If you are a company that does more than 20.000 transactions per year, you will have to implement the twelve requirements. If you are doing less, you will get away with a quarterly vulnerability scan.
IT search, Splunk, can directly address some of the areas and indirectly address most of the others. Specifically the areas where IT search assists are the following:
- Log management (PCI requirement 10)
- Secure & Central Log Collection (PCI requirement 10.5)
- Audit Trail Retention (PCI requirement 10.7)
- Daily Log Review (PCI requirement 10.6)
- Secure Remote Access (PCI requirement 7.1)
- File Integrity Monitoring (PCI requirements 10.2.2, 11.5 and 10.5.5)
- PCI Control Reporting*
The Splunk for PCI application can be downloaded from SplunkBase. It provides a set of 91 searches and 57 reports, a dashboard, and a set of alerts that can be used to monitor the control objectives.
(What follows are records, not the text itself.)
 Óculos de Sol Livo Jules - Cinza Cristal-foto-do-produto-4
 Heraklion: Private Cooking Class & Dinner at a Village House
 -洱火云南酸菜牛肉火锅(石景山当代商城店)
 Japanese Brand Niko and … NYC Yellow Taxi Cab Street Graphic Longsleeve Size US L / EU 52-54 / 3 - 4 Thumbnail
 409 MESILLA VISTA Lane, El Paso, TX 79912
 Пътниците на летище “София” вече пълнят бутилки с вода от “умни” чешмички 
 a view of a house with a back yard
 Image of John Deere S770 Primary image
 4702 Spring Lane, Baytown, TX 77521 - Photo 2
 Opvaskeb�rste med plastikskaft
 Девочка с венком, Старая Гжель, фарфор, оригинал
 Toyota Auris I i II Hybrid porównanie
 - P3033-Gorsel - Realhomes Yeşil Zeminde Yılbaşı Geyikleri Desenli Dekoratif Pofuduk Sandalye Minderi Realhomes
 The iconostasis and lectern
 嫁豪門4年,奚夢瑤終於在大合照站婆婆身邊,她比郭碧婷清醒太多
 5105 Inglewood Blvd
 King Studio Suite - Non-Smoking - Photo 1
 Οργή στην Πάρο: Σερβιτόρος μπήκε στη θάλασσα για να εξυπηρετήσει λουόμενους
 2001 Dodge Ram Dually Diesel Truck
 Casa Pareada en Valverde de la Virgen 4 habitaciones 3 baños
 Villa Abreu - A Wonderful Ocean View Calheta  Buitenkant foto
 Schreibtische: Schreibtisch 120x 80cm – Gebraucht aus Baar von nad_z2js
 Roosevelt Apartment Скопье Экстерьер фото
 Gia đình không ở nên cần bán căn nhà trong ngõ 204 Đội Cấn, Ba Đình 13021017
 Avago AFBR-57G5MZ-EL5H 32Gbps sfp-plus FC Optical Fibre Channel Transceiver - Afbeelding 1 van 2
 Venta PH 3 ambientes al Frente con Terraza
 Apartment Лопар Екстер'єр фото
The application makes use of Splunk’s IT search capabilities to address PCI. IT search has some very unique capabilities and is uniquely positioned to address PCI compliance:
- satisfy ad-hoc requests form auditors
- do large-scale reporting and investigations
- automate control objective monitoring
- add new control objectives and policies that require flexible monitoring and correlation capabilities
- support ever changing data sources
- re-use already collected data
- incorportate file monitoring (not just traditional one-line log messages)
The Splunk for PCI application also gives you a capability to implement compensating controls for some of the PCI requirements. Also make sure to check out the daily log review process that helps you very easily tackle requirement 10.6.
Splunk is serious about PCI compliance: We are now part of the PCI Council. This is going to ensure that we know about upcoming changes to the PCI standard ahead of time and we can help influence future direction of it.